Drill rig geologists can expect their roles to change from being data collectors to being data interpreters as the quality of drilling data continues to improve.
IMDEX head of product management Michelle Carey told a session of the Future of Mining Sydney 2018 that the company was working on sensors that could deliver better quality assurance on their data. "We need to build a chain of custody for the data,"
Carey said. "The Internet of Things is making this easier and quicker."
Carey said the technologies were improving to the point that drillers could even starting doing some simple quality assurance work. "If we can get drillers to use a north seeking gyro, there's no end to the tools we can get them to use," she said.
"We need service providers to collaborate so we get the full benefits."
Some of the ways of getting better survey data include measurements showing the work of the tool against the target. "Then we use the metadata off the tool to help the geologists decide if their data is any good or not,"
Carey said. "Looking forward we have logging while drilling.

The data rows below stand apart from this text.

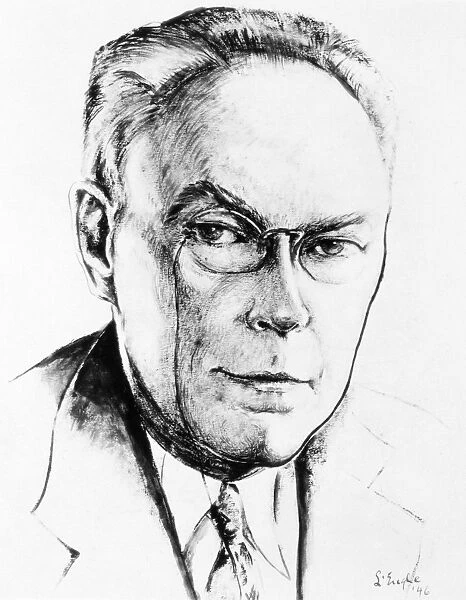 JAMES BRANCH CABELL (1879-1958). American writer. Drawing, 1946, by William L Engle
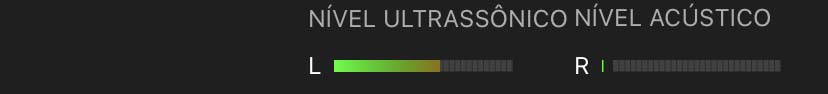 O nível ultrassônico e o acústico são indicados por dois medidores de nível visual.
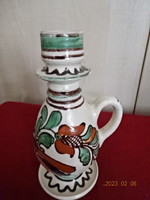 Korondi glazed ceramic candle holder, hand painted, height 19 cm. Jokai.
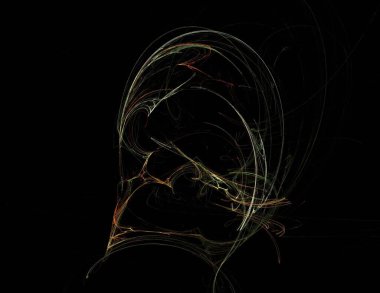 Siyah Renk Üzerine Bir Dijital Fraktal Resmi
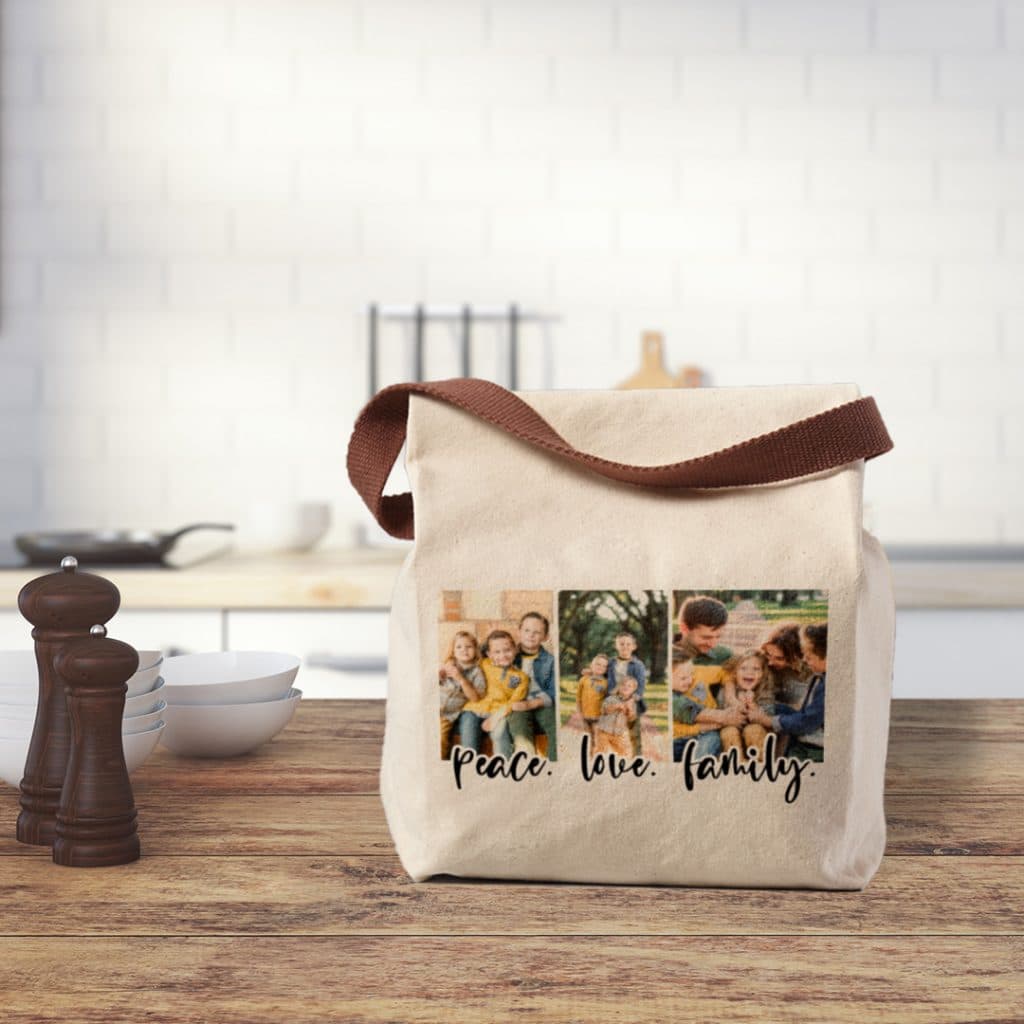 Image of a canvas cotton lunch bag with "Peace. Love. Family" design and sweet family photos.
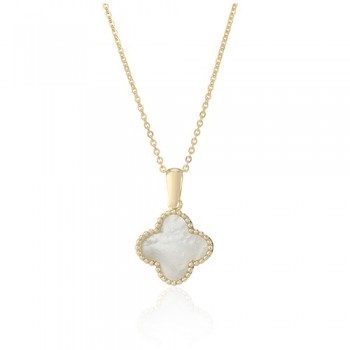 9ct Gold Mother of Pearl Clover pendant chain
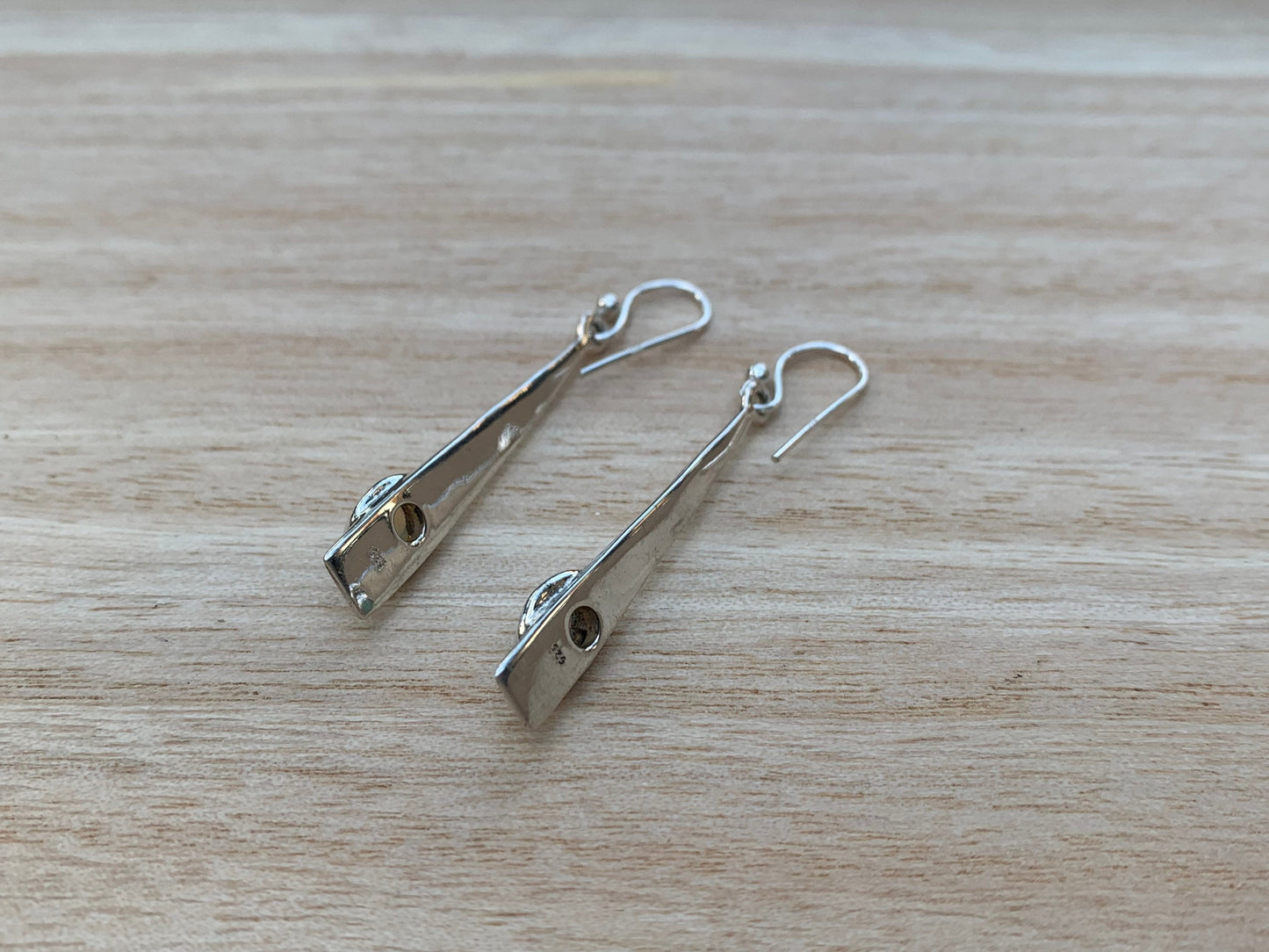 Opal dangly silver earrings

That's a well-developed concept in the oil and gas industry."
However, top of hole assaying tools such as the Lab at Rig technology developed by the Deep Exploration Technologies Cooperative Research Centre and being commercialised by Imdex, will more likely be the first cab off that particular rank.
Having better drilling positional data such as position of the hole, depth of the hole and orientation of the hole can also be a big cost saving. "In the Pilbara they've discovered that if they can know when to stop the hole they can stop overdrilling and that can be a 5% productivity improvement,"
Drill operability is another area the industry is keen to focus on. "It's a key part of how we allow the data this information to be collected,"
While mineral drilling has a long way to go to catch up with the oil and gas world, it is making strides down the path. "We're increasingly seeing the trend of people working to put petrophysical detectors in the hands of drillers,"
Carey said. "We're seeing an increasing desire for data. We're taking more and more data from each of the sensors.
"All this data is all very well, but what on earth do we do with it?
"Then there's increasing desire to see the data in real time."
Of course, a lot of this has already been done by the oil and gas industry so a lot of the work is aimed at converting those tools to suit mineral drilling. "What the mineral industry needs is that the sensors be smaller and cheaper."